» **WHAT YOU NEED TO DO**:
From first entry to last, give the listing again verbatim.

◆ ◆ ◆ ◆

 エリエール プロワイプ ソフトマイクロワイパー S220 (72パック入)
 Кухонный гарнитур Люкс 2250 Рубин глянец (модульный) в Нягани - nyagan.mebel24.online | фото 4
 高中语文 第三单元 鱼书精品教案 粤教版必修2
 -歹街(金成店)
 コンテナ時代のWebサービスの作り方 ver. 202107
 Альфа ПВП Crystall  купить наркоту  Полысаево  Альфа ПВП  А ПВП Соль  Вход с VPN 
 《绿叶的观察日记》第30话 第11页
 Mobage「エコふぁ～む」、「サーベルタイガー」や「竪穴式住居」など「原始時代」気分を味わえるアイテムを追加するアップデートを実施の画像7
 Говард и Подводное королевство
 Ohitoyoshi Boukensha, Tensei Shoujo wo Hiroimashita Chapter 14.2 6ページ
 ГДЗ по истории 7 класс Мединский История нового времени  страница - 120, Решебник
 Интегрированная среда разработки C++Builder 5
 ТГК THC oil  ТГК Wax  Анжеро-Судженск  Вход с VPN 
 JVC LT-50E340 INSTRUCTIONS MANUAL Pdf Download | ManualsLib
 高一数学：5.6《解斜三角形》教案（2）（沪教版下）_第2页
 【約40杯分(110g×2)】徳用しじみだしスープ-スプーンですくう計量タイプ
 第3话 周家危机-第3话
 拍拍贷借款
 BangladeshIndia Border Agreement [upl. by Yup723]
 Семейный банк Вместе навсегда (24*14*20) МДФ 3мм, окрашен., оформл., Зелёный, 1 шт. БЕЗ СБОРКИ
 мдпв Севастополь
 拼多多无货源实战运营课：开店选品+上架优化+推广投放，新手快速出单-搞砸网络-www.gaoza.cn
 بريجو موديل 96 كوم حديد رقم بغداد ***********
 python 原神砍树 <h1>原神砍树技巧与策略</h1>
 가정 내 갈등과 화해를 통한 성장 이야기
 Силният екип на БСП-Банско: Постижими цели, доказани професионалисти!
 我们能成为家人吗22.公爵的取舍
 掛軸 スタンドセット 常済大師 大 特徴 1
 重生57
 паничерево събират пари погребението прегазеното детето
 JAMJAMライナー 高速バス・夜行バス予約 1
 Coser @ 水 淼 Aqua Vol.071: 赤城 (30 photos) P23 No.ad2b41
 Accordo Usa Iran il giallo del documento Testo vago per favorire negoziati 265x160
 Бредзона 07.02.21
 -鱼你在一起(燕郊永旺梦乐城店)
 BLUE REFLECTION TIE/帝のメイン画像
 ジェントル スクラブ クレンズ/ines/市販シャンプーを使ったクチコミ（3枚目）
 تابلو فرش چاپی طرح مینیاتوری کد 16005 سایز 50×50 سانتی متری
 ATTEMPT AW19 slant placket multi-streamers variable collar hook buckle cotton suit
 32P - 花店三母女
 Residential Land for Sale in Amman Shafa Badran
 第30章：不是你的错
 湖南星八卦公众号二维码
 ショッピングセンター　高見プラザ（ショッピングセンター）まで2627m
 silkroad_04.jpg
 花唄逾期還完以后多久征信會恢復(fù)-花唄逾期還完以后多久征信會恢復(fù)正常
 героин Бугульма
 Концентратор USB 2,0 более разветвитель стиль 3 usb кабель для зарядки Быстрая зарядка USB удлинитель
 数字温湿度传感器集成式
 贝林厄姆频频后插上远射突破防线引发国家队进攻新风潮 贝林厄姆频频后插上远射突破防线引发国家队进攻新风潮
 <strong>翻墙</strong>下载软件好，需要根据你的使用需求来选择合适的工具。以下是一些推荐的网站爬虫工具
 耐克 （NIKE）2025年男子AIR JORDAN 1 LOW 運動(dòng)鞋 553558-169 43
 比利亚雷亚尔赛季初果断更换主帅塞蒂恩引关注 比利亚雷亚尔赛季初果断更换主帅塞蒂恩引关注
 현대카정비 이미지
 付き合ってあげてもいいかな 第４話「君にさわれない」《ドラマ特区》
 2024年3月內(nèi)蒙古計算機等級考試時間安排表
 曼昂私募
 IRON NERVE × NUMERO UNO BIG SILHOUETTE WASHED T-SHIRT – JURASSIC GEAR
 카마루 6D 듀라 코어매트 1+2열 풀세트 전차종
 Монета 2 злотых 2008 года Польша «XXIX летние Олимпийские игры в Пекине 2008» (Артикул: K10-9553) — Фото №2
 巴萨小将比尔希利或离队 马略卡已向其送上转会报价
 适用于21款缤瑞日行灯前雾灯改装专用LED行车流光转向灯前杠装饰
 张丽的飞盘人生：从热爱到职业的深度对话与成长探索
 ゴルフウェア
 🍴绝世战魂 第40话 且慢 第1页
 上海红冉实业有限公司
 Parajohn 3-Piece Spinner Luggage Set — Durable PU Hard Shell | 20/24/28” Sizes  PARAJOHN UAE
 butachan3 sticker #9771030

◆ ◆ ◆ ◆

» **WRITTEN SOLUTION**:
 エリエール プロワイプ ソフトマイクロワイパー S220 (72パック入)
 Кухонный гарнитур Люкс 2250 Рубин глянец (модульный) в Нягани - nyagan.mebel24.online | фото 4
 高中语文 第三单元 鱼书精品教案 粤教版必修2
 -歹街(金成店)
 コンテナ時代のWebサービスの作り方 ver. 202107
 Альфа ПВП Crystall  купить наркоту  Полысаево  Альфа ПВП  А ПВП Соль  Вход с VPN 
 《绿叶的观察日记》第30话 第11页
 Mobage「エコふぁ～む」、「サーベルタイガー」や「竪穴式住居」など「原始時代」気分を味わえるアイテムを追加するアップデートを実施の画像7
 Говард и Подводное королевство
 Ohitoyoshi Boukensha, Tensei Shoujo wo Hiroimashita Chapter 14.2 6ページ
 ГДЗ по истории 7 класс Мединский История нового времени  страница - 120, Решебник
 Интегрированная среда разработки C++Builder 5
 ТГК THC oil  ТГК Wax  Анжеро-Судженск  Вход с VPN 
 JVC LT-50E340 INSTRUCTIONS MANUAL Pdf Download | ManualsLib
 高一数学：5.6《解斜三角形》教案（2）（沪教版下）_第2页
 【約40杯分(110g×2)】徳用しじみだしスープ-スプーンですくう計量タイプ
 第3话 周家危机-第3话
 拍拍贷借款
 BangladeshIndia Border Agreement [upl. by Yup723]
 Семейный банк Вместе навсегда (24*14*20) МДФ 3мм, окрашен., оформл., Зелёный, 1 шт. БЕЗ СБОРКИ
 мдпв Севастополь
 拼多多无货源实战运营课：开店选品+上架优化+推广投放，新手快速出单-搞砸网络-www.gaoza.cn
 بريجو موديل 96 كوم حديد رقم بغداد ***********
 python 原神砍树 <h1>原神砍树技巧与策略</h1>
 가정 내 갈등과 화해를 통한 성장 이야기
 Силният екип на БСП-Банско: Постижими цели, доказани професионалисти!
 我们能成为家人吗22.公爵的取舍
 掛軸 スタンドセット 常済大師 大 特徴 1
 重生57
 паничерево събират пари погребението прегазеното детето
 JAMJAMライナー 高速バス・夜行バス予約 1
 Coser @ 水 淼 Aqua Vol.071: 赤城 (30 photos) P23 No.ad2b41
 Accordo Usa Iran il giallo del documento Testo vago per favorire negoziati 265x160
 Бредзона 07.02.21
 -鱼你在一起(燕郊永旺梦乐城店)
 BLUE REFLECTION TIE/帝のメイン画像
 ジェントル スクラブ クレンズ/ines/市販シャンプーを使ったクチコミ（3枚目）
 تابلو فرش چاپی طرح مینیاتوری کد 16005 سایز 50×50 سانتی متری
 ATTEMPT AW19 slant placket multi-streamers variable collar hook buckle cotton suit
 32P - 花店三母女
 Residential Land for Sale in Amman Shafa Badran
 第30章：不是你的错
 湖南星八卦公众号二维码
 ショッピングセンター　高見プラザ（ショッピングセンター）まで2627m
 silkroad_04.jpg
 花唄逾期還完以后多久征信會恢復(fù)-花唄逾期還完以后多久征信會恢復(fù)正常
 героин Бугульма
 Концентратор USB 2,0 более разветвитель стиль 3 usb кабель для зарядки Быстрая зарядка USB удлинитель
 数字温湿度传感器集成式
 贝林厄姆频频后插上远射突破防线引发国家队进攻新风潮 贝林厄姆频频后插上远射突破防线引发国家队进攻新风潮
 <strong>翻墙</strong>下载软件好，需要根据你的使用需求来选择合适的工具。以下是一些推荐的网站爬虫工具
 耐克 （NIKE）2025年男子AIR JORDAN 1 LOW 運動(dòng)鞋 553558-169 43
 比利亚雷亚尔赛季初果断更换主帅塞蒂恩引关注 比利亚雷亚尔赛季初果断更换主帅塞蒂恩引关注
 현대카정비 이미지
 付き合ってあげてもいいかな 第４話「君にさわれない」《ドラマ特区》
 2024年3月內(nèi)蒙古計算機等級考試時間安排表
 曼昂私募
 IRON NERVE × NUMERO UNO BIG SILHOUETTE WASHED T-SHIRT – JURASSIC GEAR
 카마루 6D 듀라 코어매트 1+2열 풀세트 전차종
 Монета 2 злотых 2008 года Польша «XXIX летние Олимпийские игры в Пекине 2008» (Артикул: K10-9553) — Фото №2
 巴萨小将比尔希利或离队 马略卡已向其送上转会报价
 适用于21款缤瑞日行灯前雾灯改装专用LED行车流光转向灯前杠装饰
 张丽的飞盘人生：从热爱到职业的深度对话与成长探索
 ゴルフウェア
 🍴绝世战魂 第40话 且慢 第1页
 上海红冉实业有限公司
 Parajohn 3-Piece Spinner Luggage Set — Durable PU Hard Shell | 20/24/28” Sizes  PARAJOHN UAE
 butachan3 sticker #9771030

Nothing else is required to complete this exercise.